Pete Gaudet

Biographical details
- Born: March 27, 1942 (age 84)

Coaching career (HC unless noted)
- 1980–1982: Army
- 1982–1995: Duke (assistant)
- 1995: Duke (interim HC)

Head coaching record
- Overall: 16–56

Accomplishments and honors

Championships
- As assistant coach 2 NCAA Division I tournament (1991, 1992);

= Pete Gaudet =

American college basketball coach (born 1942)

Peter James Gaudet (born March 27, 1942) is an American college basketball coach. He played varsity basketball for Iona Prep in 1959 and 1960 before going to Boston University, where he graduated in 1966.

He began his collegiate coaching career as an assistant to Mike Krzyzewski at Army. When Krzyzewski left for Duke in 1980, Gaudet was named his successor as head coach.

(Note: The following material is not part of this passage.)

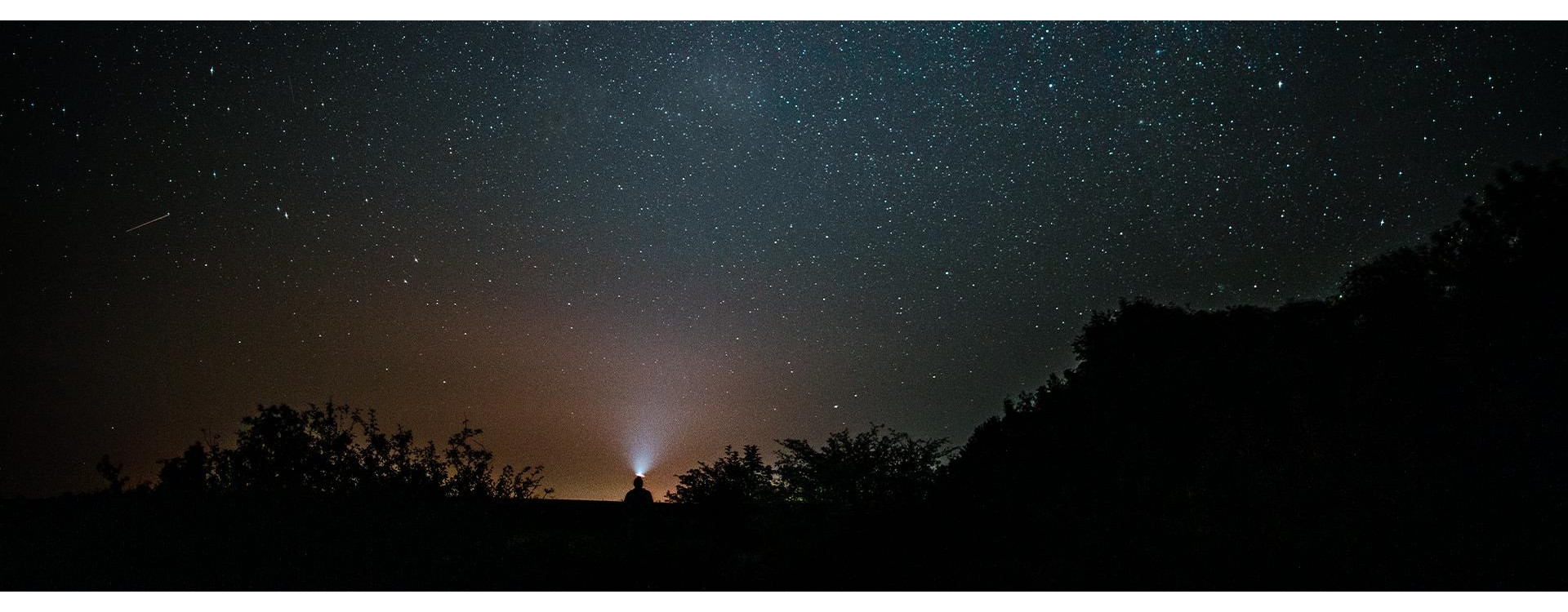 Los mejores sitios en España para ver las estrellas Los mejores sitios en España para ver las estrellas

After leaving Duke, Gaudet worked as an assistant men's basketball coach for the Vanderbilt Commodores men's basketball program before moving as an assistant to the women's basketball programs at Vanderbilt and Ohio State.

==At Duke==
After leaving the Army program in 1982, Gaudet rejoined his former boss at Duke, serving as Krzyzewski's top assistant from 1982 to 1995. During this time, Gaudet worked alongside current Harvard head coach Tommy Amaker, current ESPN analyst Jay Bilas, current Atlanta Hawks assistant coach Mike Brey, and current Atlanta Hawks head coach Quin Snyder. He helped lead Duke to two NCAA men's championships and seven Final Four appearances. An expert in player development, Gaudet coached eight All-Americans, three National Players of the Year and 12 NBA draft picks.

When Krzyzewski took a leave of absence in early 1995 due to a back injury, Gaudet was promoted to interim head coach. He inherited a team that had started 9–3, but the team struggled to an eventual record of 13–18 overall and 2–14 in the ACC—still the most losses in school history. Despite Gaudet's interim status, Duke credited the final 19 games of the season to him rather than to Krzyzewski, though Gaudet expresses no regrets or bitterness concerning this.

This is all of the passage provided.